A negociação começou agora. Enviamos cartas aos países pedindo e vamos conversar. 

Já há uma estimativa de quanto isso pode trazer para o BID?

US$ 20 bilhões é o tamanho dessas reservas no FMI que podem ser transferidas para todos os bancos. Mas vamos começar mais humildes, pedindo um pouco para cada um e mostrar que isso é seguro, que ninguém vai perder a liquidez. 

Mas é um bolso novo…

Um  bolso novo e importante. Porque, para esses US$ 20 bilhões, consigo US$ 80 bilhões em empréstimos. 

Outra medida que você tem defendido, também bastante técnica, é o reconhecimento do chamado ‘callable capital’ como capital dos bancos multilaterais para efeitos de alavancagem dos empréstimos. Como está isso? [O callable capital, criado no pós-guerra e nunca usado, é um compromisso dos países acionistas dos bancos multilaterais de capitalizar essas instituições em circunstâncias financeiras extremas. O reconhecimento desse compromisso, que totaliza US$ 2 trilhões, como capital faz parte de uma lista de recomendações de modernização dos bancos multilaterais feitas por um painel independente do G20, em 2022.]

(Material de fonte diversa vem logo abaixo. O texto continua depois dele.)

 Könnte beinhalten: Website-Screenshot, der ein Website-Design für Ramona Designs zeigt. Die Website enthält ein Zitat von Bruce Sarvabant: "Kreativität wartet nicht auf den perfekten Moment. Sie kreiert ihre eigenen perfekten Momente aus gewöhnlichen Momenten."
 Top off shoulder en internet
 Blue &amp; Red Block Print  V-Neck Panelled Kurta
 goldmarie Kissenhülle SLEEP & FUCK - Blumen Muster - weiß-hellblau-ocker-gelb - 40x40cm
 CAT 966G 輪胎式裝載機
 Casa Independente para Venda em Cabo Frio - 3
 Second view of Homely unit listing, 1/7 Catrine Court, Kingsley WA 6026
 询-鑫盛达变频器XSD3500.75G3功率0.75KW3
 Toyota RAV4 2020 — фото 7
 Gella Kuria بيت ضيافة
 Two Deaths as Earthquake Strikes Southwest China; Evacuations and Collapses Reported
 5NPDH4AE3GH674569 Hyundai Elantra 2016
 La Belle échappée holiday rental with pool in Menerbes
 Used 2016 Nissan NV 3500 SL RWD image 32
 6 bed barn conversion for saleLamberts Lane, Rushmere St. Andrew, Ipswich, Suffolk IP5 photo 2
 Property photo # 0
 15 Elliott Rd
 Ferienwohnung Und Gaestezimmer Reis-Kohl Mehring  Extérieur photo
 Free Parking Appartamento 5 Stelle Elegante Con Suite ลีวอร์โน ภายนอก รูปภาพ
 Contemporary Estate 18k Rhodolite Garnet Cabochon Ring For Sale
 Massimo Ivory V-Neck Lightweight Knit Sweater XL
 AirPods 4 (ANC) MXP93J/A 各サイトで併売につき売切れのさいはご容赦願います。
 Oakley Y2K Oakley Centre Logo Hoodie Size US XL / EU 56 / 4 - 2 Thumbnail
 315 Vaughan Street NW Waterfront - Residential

O callable capital é um dinheiro que o banco pode acionar de forma emergencial. Mas havia muitas dúvidas. Pode acionar como? Tem que ir para o Congresso aprovar? Quanto tempo demora? Todos os bancos multilaterais de desenvolvimento fizeram um esforço e hoje ficou claro que, de fato, existe esse dinheiro, ele é de verdade. Mesmo que tenha que passar nos parlamentos, você tem a capacidade de reagir relativamente rápido.

Agora, a gente vai para o exercício de convencer as agências de classificação de risco, para que elas percebam que aquilo é capital de verdade. Se eu tenho mais capital, eu consigo emprestar mais. 

Ou seja, para que os bancos possam emprestar mais sem que as agências rebaixem o rating por conta de uma suposta alavancagem adicional?

Exatamente.

Vamos encerrar falando do Rio Grande do Sul e o quanto a tragédia pode aumentar a demanda dos governos por financiamento para adaptação e remediação climática?

Todo mundo está pensando em como ter um projeto contingente. Como se proteger. A gente quer sair com um grande projeto regional, um programa regional de cooperação, com instrumentos financeiros, porque vai faltar dinheiro, com ajuda física quando acontece uma tragédia, com parâmetros de o que fazer antes para se preparar. Vamos tentar anunciar no próximo encontro anual do banco. 

Agora, a gente já está trabalhando com cada país. O Chile está pensando em se preparar para incêndios. Em Barbados, a gente está pensando em fazer uma troca de dívida [com juros menores] em que os recursos que sobram sejam usados para tratamento de água. Uma das coisas que a gente pensa pouco, mas agora com o Rio Grande do Sul ficou claro, é que falta água. Queremos trabalhar a resiliência para a água. Cada país está com um projeto com a gente. 

E no Brasil?

Viremos com uma missão para o Brasil na semana que vem, em conjunto com o Banco Mundial, Cepal e outros, para começar a avaliar os danos no Rio Grande do Sul, as perdas, e fazer um planejamento para a reconstrução e começar a trabalhar. Teremos 30 dias para o diagnóstico do tamanho das perdas e 60 dias para o plano de reconstrução.